Tutto questo continua e continuerà fino a che il popolo sovrano (art. 1 della Costituzione) non dirà basta.
E quando dirà basta? Forse quando il lavoro protetto da diversi articoli della Costituzione (1, 4, 28, 35, 36, 37, 38 …) mancherà fra qualche mese, quando l’ecatombe si manifesterà nella sua completezza? Cosa serve all’individuo per comprendere di essere in trappola e decidere di volerne uscire?
È doveroso non solo con la mente ma anche con il cuore rendere onore alle innumerevoli vittime che forse avrebbero potuto essere in gran parte risparmiate, onore non tanto e solo per la morte ma per il modo in cui questo delicatissimo passaggio è accaduto, per la solitudine, per l’isolamento, per l’abbandono in cui si sono ritrovati.

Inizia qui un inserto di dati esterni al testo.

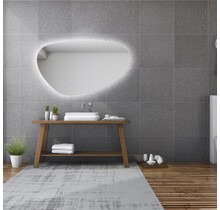 Gliss Design Trendy Spiegel met verlichting Ovaal 60cm met verwarming en touch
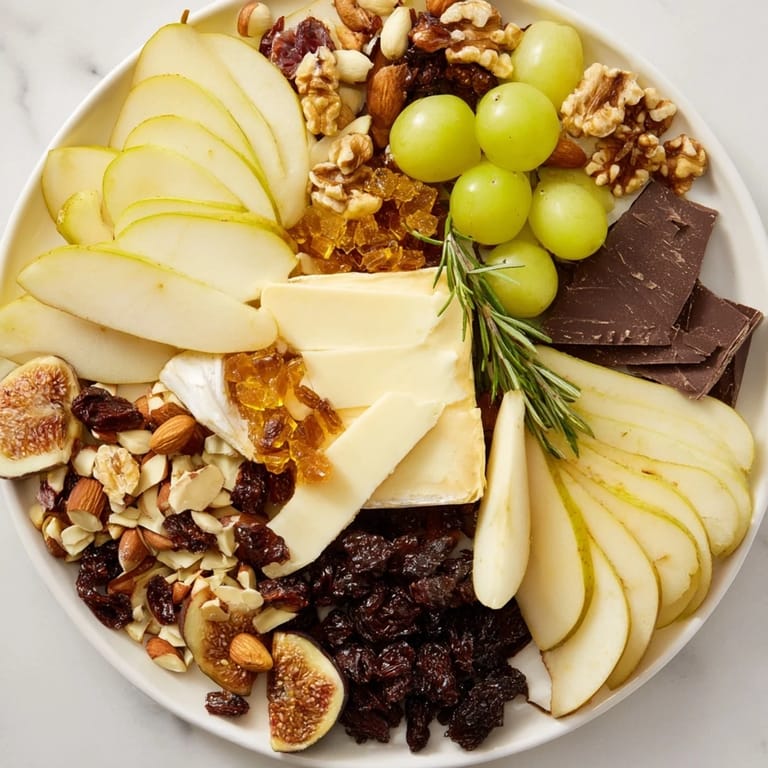 Enjoy this delicious Winter Solstice Board, offering a balance of savory nibbles and sweet delights.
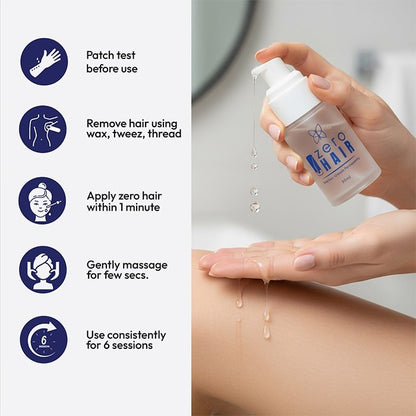 ZERO HAIR SERUM - Hair Inhibitor Serum - ZAISHA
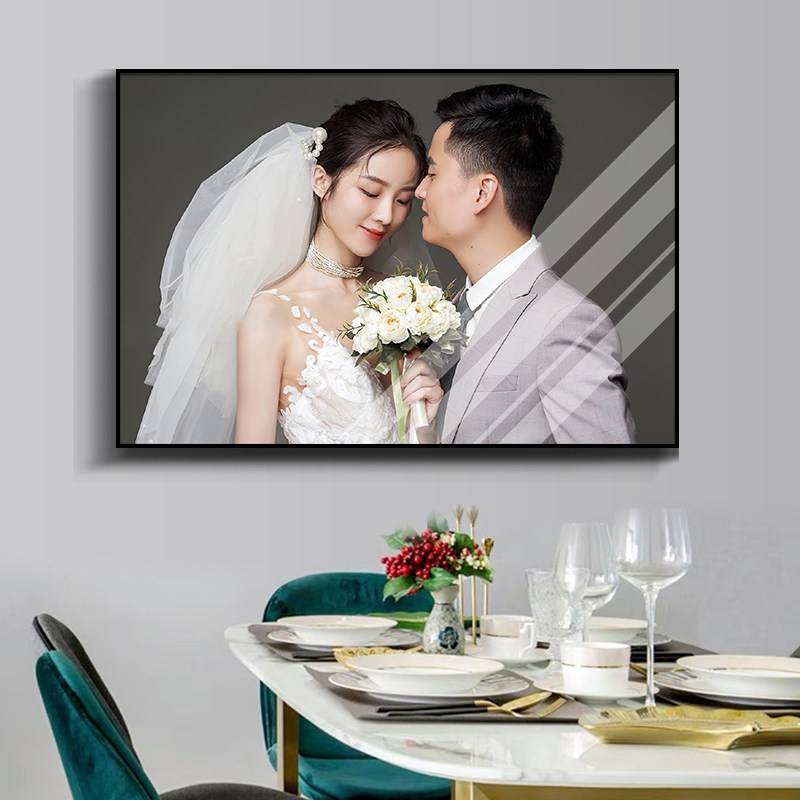 婚纱照放大挂墙加相框摆台定制影楼洗照片做成摆件水晶相片框制作,淘宝优惠券,粉丝福利购,淘宝优惠卷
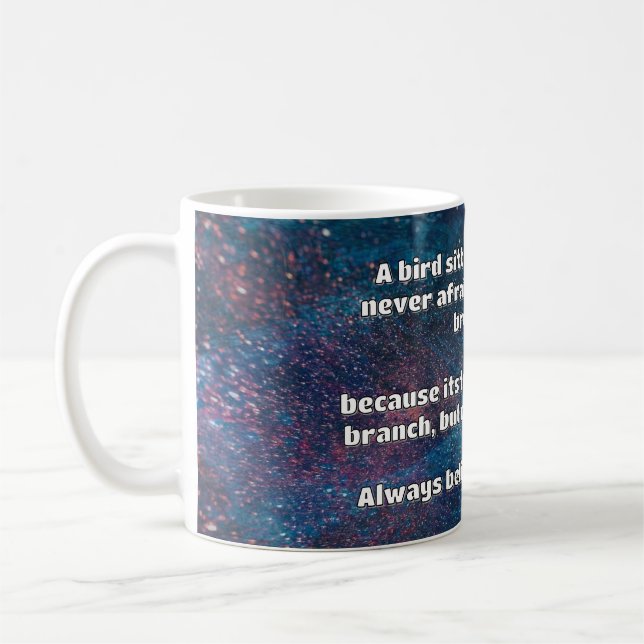 Empath Belief Positive Encouragement Quote  Coffee Mug (Left)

Questo di per sé indigna l’animo. Ma, detto ciò e non volendo entrare nel merito di cosa si sarebbe potuto fare meglio e di più e cosa si è perfettamente in grado di fare ora, se la domanda da porci è se sia possibile dare un’accelerata alla cosiddetta riapertura del Paese, premesso tutto quanto sopra direi sì. Un bel SÌ grande come una casa. Perché? Perché la vita è un rischio continuo, ad ogni passo ciascuno di noi rischia e per esperienza personale so che un minuto prima ci sei e un minuto dopo non ci sei più come è successo a mia figlia di 21 anni. Senza rischi non si vive, non cresceremmo, non ci innamoreremmo, non viaggeremmo… nemmeno in casa spesso si è al sicuro visti gli innumerevoli incidenti domestici che occorrono ogni anno… e quindi la riapertura totale non dovrebbe affatto essere una “scure” pronta a scagliarsi in qualsiasi istante sulla testa dei cittadini che debbono prendersi a loro volta la responsabilità di usare il normale buon senso, evidentemente sempre richiesto.

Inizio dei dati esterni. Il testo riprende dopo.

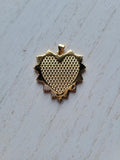 The Raging heart charm/pendant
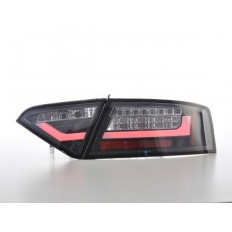 Πίσω Φανάρια LED Audi A5 (8T) Coupe / Sportback - Μαύρο - 2 Τμχ.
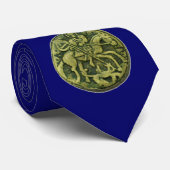 SAINT GEORGE MEDALLION Blue Krawatte (Gerollt)
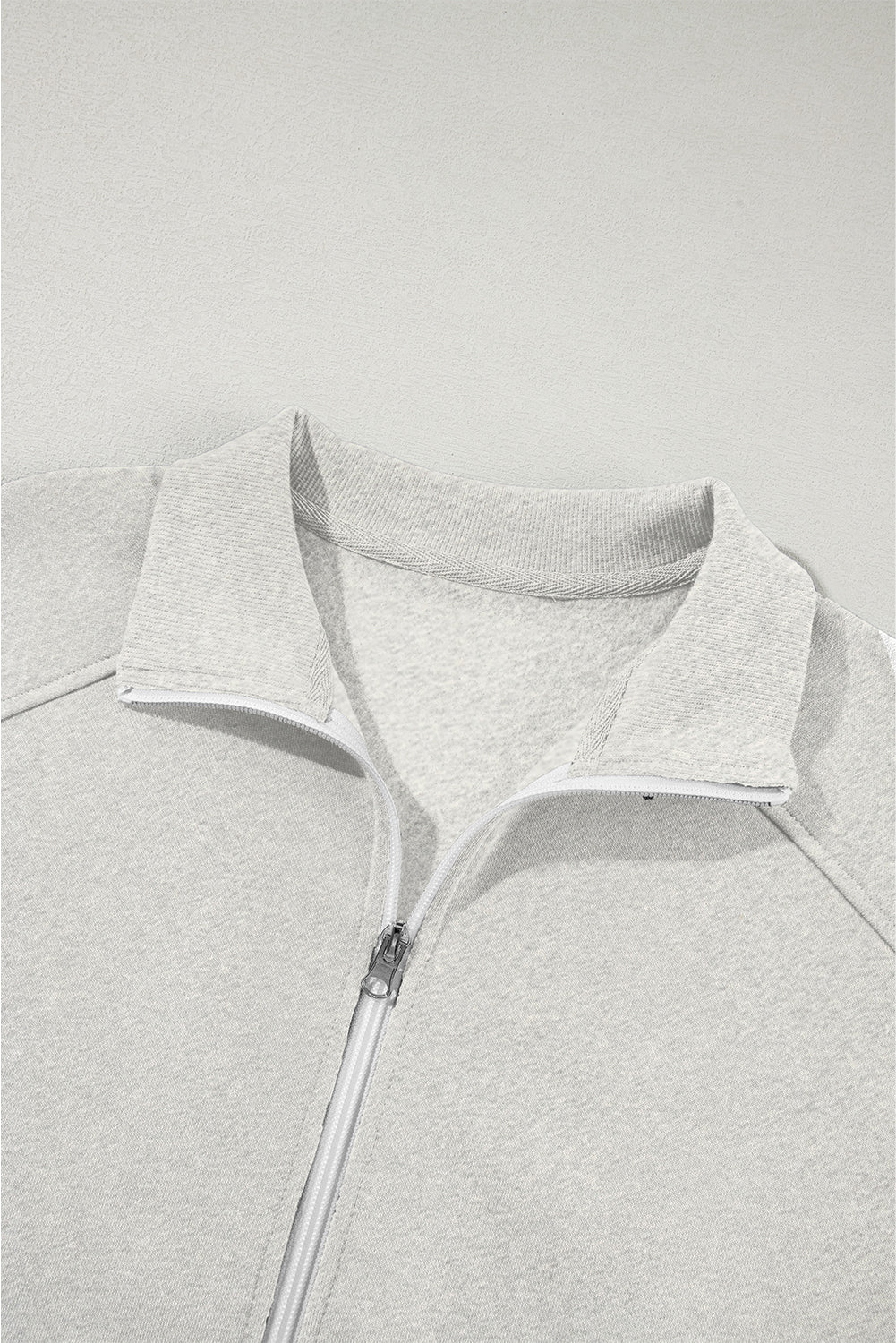 Drop Shoulder Zip Up Jacket Drawstring Joggers Co-ord Set - eAura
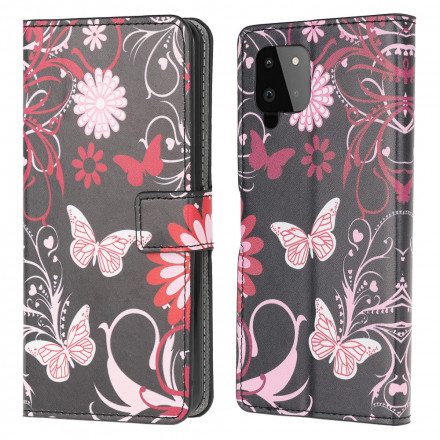 Samsung Galaxy A22 4G Case Butterflies e Flores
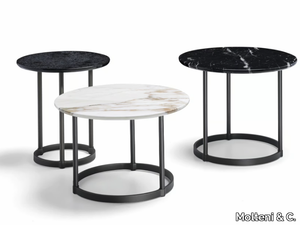 REGENT - Round marble coffee table _ Molteni & C.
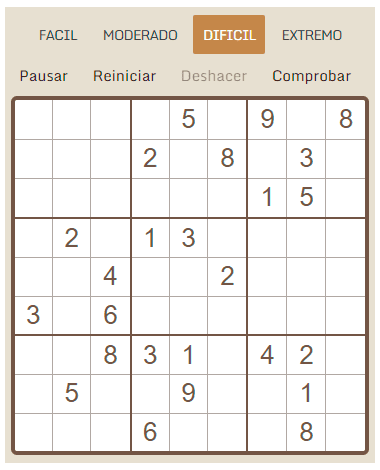 Jugar Sudoku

Al contrario dovrebbe essere la prima responsabilità dei governi che, attraverso una strategia chiara, dovrebbero aver il compito, la responsabilità di servire i loro cittadini facendo fronte al rischio complessivo. Dopo 15 mesi è dovuto! Possiamo dunque contare sull’integrità dei vari decision maker nelle loro diverse posizioni di responsabilità? Possiamo contare sulla volontà autentica e “what ever it takes” di uscire da questa situazione e risollevare il Paese? Possiamo contare su un’agire coerente e impeccabile? Ognuno risponda da sé. Ricordiamoci però che senza fiducia, senza entusiasmo, senza audacia e coraggio non ci sarà nessuna ricostruzione né tanto meno nessuna rinascita. Nella stanca, esausta attesa che maturi la consapevolezza nelle istituzioni, che gli intenti siano puri e autentici, che le dichiarazioni siano seguite dai fatti, l’unica cosa seria che possiamo fare noi è quella di alimentare quei sentimenti, imprescindibili per la ripresa, dentro di noi e agire a livello locale. Nei quartieri, nei Comuni, sul territorio, attraverso un risveglio di coscienza diffuso, la ripartenza è possibile. Cosa siamo disposti a fare? Che impegni possiamo prenderci? Ciò che metteremo in campo o che, rattrappiti nella paura, non faremo… determinerà la differenza tra la rinascita e il declino.